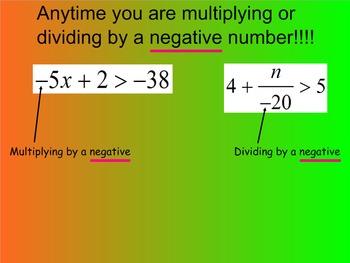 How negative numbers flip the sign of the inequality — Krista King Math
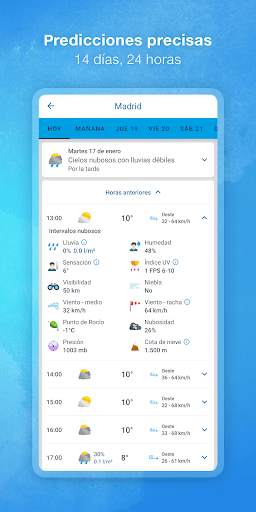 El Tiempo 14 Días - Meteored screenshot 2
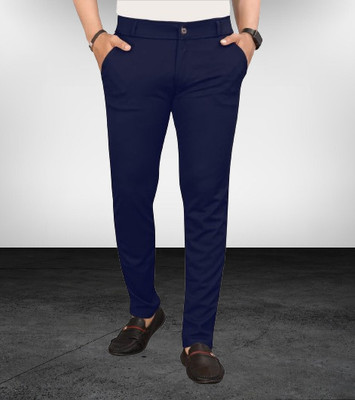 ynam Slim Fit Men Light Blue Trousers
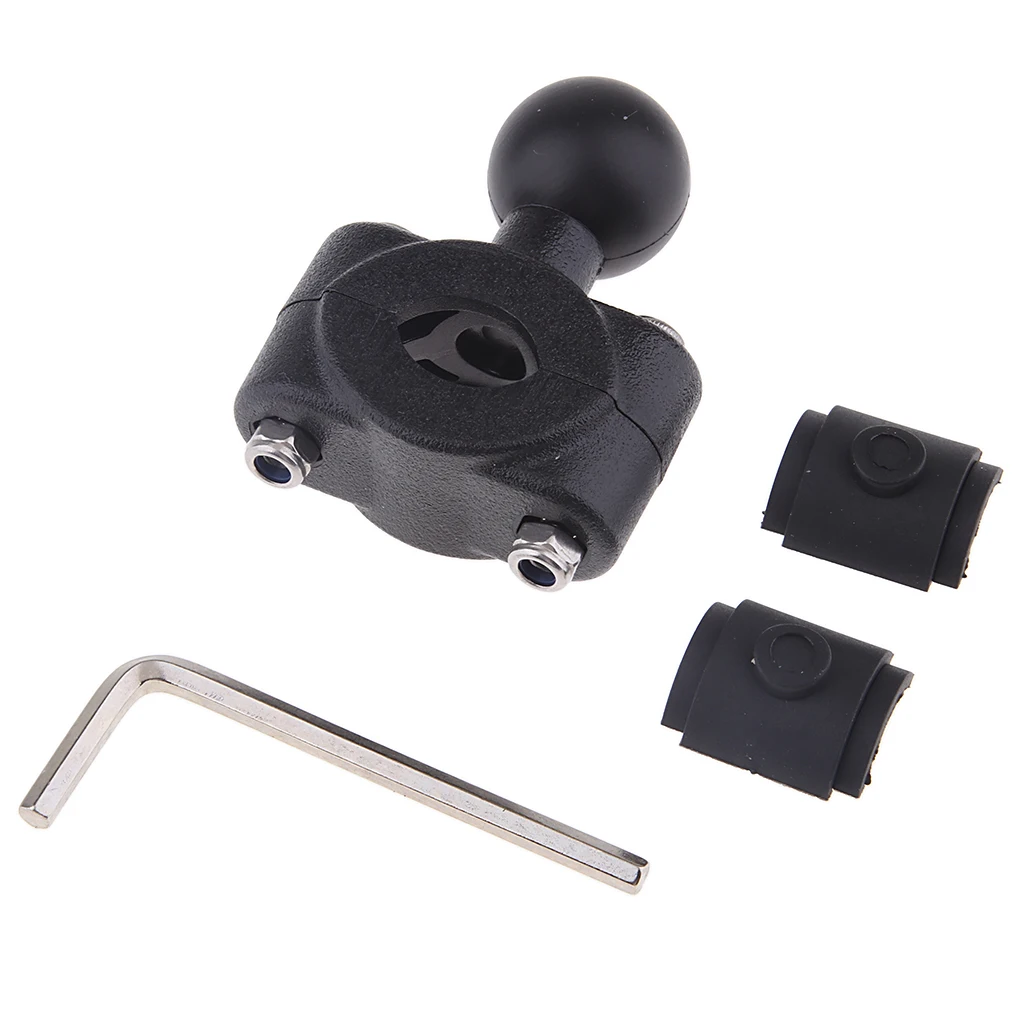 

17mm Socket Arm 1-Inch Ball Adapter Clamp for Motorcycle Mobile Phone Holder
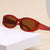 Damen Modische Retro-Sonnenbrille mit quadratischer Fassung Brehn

==

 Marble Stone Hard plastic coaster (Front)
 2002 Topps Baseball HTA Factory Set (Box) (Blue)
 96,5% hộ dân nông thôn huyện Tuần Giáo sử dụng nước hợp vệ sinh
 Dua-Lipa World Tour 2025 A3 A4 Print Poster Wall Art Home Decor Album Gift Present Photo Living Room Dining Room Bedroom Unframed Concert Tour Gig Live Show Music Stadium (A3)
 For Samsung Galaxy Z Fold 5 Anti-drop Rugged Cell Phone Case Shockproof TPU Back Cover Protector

# WHAT IS NEEDED
Counting every line of the records above that has the word "Phone", state the total and give nothing besides it.

# RESPONSE BELOW
2